個人破產制度是對應于企業破產制度而言的,是指當作為債務人的自然人的全部資產不能清償到期債務時,由法院依法宣告其破產,并對其財產進行清算和分配,或對其債務進行豁免,還要確定當事人相應義務的一種法律制度。
在我國,香港、臺灣地區有個人破產制度,大陸并沒有建立個人破產制度。
正是因為個人破產制度的缺位,造成大量“執行不能”的案件進入執行程序,成為法院執行工作的一個大難題。
根據最高人民法院工作報告,有相當一部分案件被執行人完全喪失履行能力、經核查確無財產可供執行,客觀上不具備執行條件,即使法院窮盡一切措施,也無法實際執行到位。
周強院長在報告中也提到,民商事案件中約18%的案件是“執行不能”案件。涉及到債務的,其中一類便是自然人債務。一些交通事故、人身損害賠償、刑事附帶民事訴訟等案件,被執行人自始就財力有限,甚至“家徒四壁”,確無清償能力。

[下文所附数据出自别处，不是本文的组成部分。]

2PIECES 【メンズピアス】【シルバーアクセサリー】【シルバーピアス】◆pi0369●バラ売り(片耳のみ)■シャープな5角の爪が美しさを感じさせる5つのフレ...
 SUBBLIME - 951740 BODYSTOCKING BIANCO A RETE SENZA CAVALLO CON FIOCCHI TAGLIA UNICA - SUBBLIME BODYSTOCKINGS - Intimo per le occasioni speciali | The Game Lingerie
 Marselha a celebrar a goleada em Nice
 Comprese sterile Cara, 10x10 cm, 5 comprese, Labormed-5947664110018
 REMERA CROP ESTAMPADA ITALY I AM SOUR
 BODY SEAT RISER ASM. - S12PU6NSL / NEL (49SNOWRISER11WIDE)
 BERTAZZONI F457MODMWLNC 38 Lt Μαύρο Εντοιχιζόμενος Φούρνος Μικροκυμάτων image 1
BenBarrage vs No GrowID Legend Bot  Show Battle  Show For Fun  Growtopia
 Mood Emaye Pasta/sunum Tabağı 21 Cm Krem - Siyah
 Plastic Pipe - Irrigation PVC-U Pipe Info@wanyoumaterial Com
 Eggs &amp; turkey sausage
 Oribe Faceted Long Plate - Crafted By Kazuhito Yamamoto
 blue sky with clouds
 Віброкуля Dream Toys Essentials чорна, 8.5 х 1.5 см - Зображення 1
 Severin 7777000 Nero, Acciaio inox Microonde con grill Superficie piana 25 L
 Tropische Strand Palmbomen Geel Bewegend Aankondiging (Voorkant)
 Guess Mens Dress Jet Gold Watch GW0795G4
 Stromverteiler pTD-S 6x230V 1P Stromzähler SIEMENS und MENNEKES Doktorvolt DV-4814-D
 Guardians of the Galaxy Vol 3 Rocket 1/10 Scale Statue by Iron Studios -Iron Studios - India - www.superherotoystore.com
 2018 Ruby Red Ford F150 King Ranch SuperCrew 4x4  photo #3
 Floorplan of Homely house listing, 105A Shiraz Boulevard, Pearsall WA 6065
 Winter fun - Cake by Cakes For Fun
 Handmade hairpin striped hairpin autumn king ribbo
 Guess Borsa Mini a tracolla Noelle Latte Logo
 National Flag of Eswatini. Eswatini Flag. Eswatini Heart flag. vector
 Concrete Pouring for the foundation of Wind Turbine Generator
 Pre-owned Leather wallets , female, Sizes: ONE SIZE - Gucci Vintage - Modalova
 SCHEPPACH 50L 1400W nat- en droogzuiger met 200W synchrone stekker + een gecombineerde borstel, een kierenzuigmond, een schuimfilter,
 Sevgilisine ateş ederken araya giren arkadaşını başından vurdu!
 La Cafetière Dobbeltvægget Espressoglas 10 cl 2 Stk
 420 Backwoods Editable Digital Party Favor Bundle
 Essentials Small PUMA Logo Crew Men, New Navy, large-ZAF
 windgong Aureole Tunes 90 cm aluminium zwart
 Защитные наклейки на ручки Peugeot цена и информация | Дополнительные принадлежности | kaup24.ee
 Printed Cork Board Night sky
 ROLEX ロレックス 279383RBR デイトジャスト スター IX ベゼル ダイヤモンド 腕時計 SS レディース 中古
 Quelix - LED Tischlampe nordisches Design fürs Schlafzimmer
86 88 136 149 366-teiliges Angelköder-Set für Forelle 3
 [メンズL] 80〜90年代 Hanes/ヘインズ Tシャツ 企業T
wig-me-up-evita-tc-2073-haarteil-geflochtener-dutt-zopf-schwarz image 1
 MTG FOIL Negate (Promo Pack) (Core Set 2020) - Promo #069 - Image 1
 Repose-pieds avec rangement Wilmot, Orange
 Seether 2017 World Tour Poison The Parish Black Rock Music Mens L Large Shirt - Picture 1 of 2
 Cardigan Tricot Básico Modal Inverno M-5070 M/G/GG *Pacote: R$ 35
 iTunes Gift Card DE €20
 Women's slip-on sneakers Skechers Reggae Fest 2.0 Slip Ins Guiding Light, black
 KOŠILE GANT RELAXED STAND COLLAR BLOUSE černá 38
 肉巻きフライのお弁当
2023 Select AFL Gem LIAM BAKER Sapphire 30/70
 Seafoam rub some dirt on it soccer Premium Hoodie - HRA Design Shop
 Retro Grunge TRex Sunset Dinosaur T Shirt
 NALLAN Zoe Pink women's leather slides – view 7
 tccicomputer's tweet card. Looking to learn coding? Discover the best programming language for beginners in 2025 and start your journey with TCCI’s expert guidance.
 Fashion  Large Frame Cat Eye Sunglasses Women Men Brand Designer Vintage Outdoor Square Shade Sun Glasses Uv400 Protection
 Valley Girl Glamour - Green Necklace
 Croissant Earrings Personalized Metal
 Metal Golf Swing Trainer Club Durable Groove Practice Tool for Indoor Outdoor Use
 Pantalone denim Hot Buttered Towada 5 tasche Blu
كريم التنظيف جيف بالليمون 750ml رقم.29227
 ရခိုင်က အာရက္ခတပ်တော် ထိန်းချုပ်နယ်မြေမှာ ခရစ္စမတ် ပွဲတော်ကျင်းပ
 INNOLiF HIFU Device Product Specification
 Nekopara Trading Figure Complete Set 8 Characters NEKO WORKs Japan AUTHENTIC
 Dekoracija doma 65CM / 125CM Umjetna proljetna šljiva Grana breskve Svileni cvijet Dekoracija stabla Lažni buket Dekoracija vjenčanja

根據人民法院報的報道,從世界各國通例來看,“執行不能”案件屬于當事人應當承擔的商業風險、法律風險、社會風險,并非法院執行不力所致,需要通過個人破產、社會救助等制度機制予以解決,不屬于申請執行的范圍,不能進入執行程序。
然而,在我國,因為沒有個人破產制度,在債務人無力償債的情形下,債務人本人不能申請破產,債權人也無法申請債務人的破產,一些債權債務就此成為爛賬,長期纏繞著債權人和債務人,讓雙方都背負著包袱。
而法院對于這些無力還債者也是無能為力,這些“執行不能”的案件進而影響了法院的聲譽。
一位律師告訴記者,執行難一直是困擾中國司法界的一個難題,最高法提出建立個人破產制度,其實是想通過這一制度解決一部分執行難的問題。
他同時表示,現在關于個人破產制度的草案都還沒有出來,最高法會秉持哪種立法思想還很難猜測。但可以確定的是,個人破產的條件會非常嚴格,肯定會比企業破產的條件高,不是誰想破產就能破產。
根據央行《2018中國金融穩定報告》,2013-2017年,網貸行業貸款余額的年均復合增長率達到159%。然而部分居民不考慮還款能力,過度借貸,造成逾期無法償還,甚至引發惡性催收等惡性事件。
個人破產制度之所以引人注目,固然和現在越來越多的個人債務問題密切相關,但是從最高法院的表述來看,個人破產法針對的是被執行人完全喪失履行能力、經核查確無財產可供執行的情況。
中國人民大學法學院教授徐陽光就指出,不要以為只要申請破產就可獲得免責,更不要將個人破產等同于“逃廢”個人債務。
以我國香港地區為例,破產人的破產期間為4年或者5年,在住房方面,破產人最長可以居住在其所有的房產內12個月,期滿后破產人必須騰退,交付給受托人,由受托人將其變現償還債務。

在日常生活中,破產人除保留必要的日常生活開支外,其他全部收入均應交付給受托人,用于償還債務;破產人也不得有任何高消費行為;在信貸消費超過100港幣時,應當事先向對方告知其破產人的身份。
值得注意的是,現在大家談論個人破產制度的建立,最高法也有意向推動個人破產制度的建立,但是在記者與多位律師的交流中,他們普遍對短期內個人破產制度的推出持謹慎態度。
關鍵點在于個人信用機制在我國并沒有建立完備。
雖然央行的個人征信系統在不斷的完善,但是互聯網金融征信仍然處于缺失狀態,這也給了很多人過度借貸的機會。
在這種情況下,律師們普遍認為,建立個人破產制度還有很長的路要走。
對于我們一開始提出的那個問題:一旦我國個人破產制度建立,欠了“網貸”或者銀行信用卡的錢,如果還不起了,可以申請個人破產不還了嗎?他的回答是,你可以申請破產不還,但是這同時意味著你的信用破產,如果你要恢復信用,還是要把之前欠的錢還掉。